[THE DATA]:
• • • •
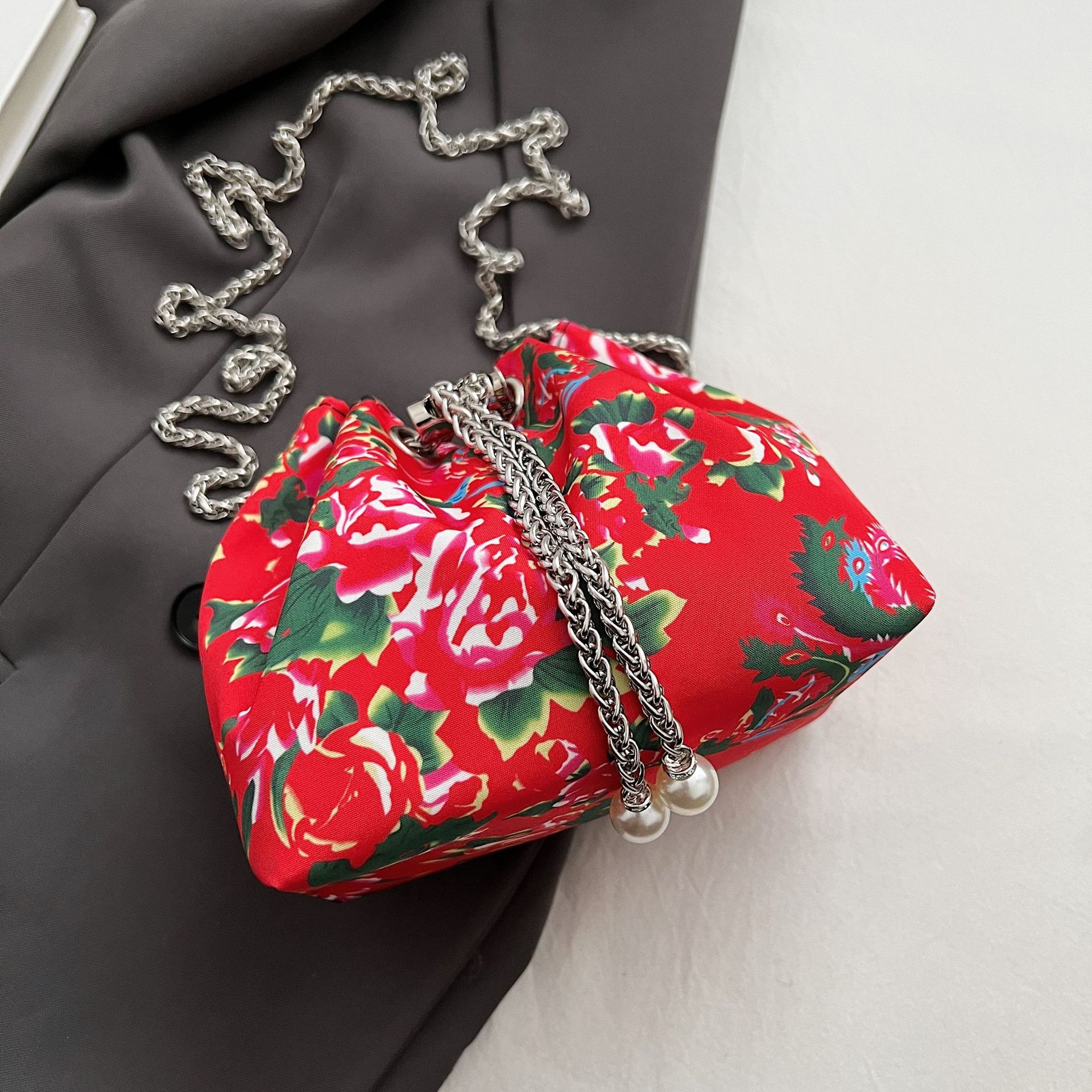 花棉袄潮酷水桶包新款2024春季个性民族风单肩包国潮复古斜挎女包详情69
• • • •
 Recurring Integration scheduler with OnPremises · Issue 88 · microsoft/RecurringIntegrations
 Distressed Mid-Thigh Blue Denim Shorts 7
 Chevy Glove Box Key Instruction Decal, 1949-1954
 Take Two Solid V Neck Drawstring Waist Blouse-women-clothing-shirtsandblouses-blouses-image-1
• • • •
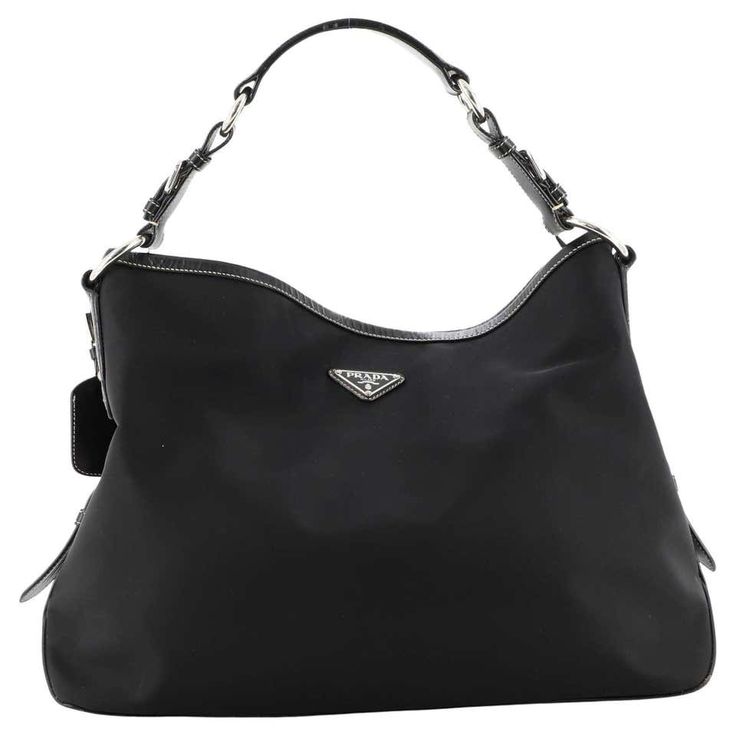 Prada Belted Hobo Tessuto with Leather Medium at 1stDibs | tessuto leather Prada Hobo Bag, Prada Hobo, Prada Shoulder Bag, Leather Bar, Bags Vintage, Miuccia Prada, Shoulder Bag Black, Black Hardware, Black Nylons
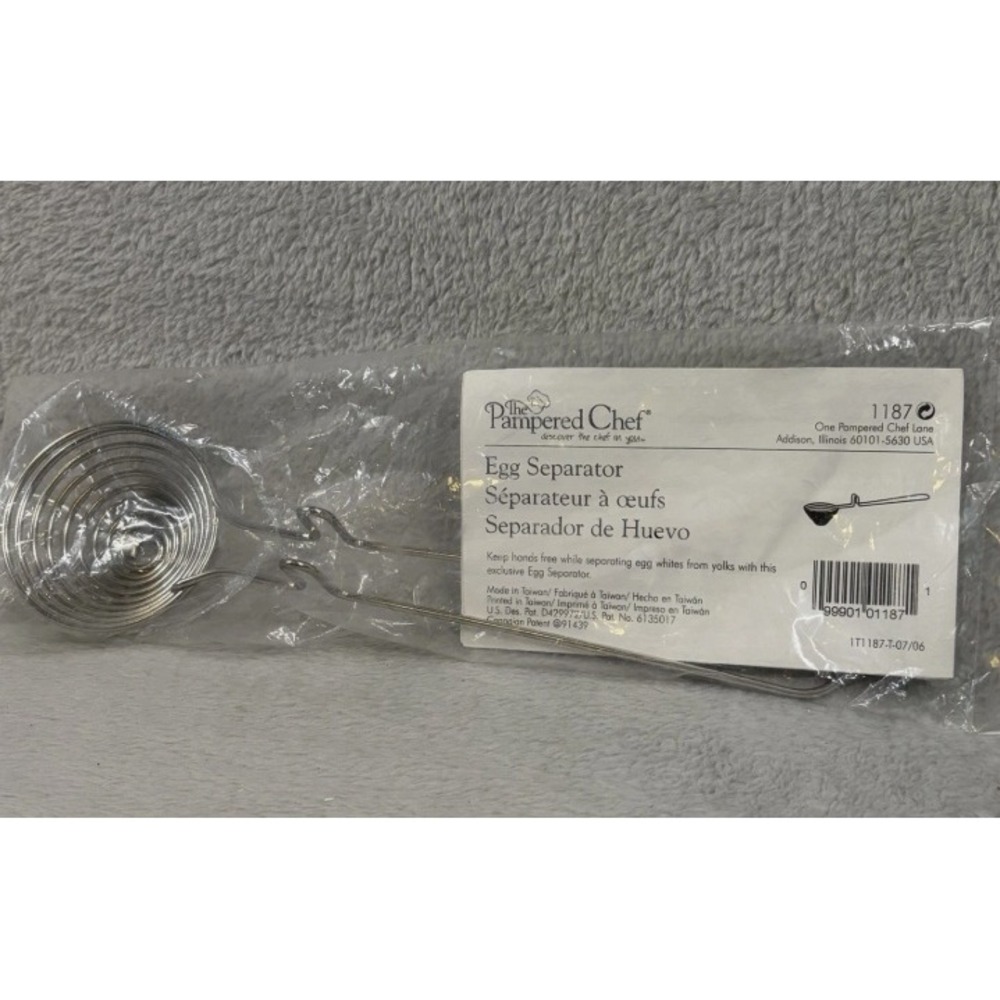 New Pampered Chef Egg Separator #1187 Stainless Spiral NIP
• • • •
[PROMPT]: Using the records above, copy word for word the line with "Chevy Glove Box", the line with "Take Two Solid", and every line between them.

[WORKED SOLUTION]:
 Chevy Glove Box Key Instruction Decal, 1949-1954
 Take Two Solid V Neck Drawstring Waist Blouse-women-clothing-shirtsandblouses-blouses-image-1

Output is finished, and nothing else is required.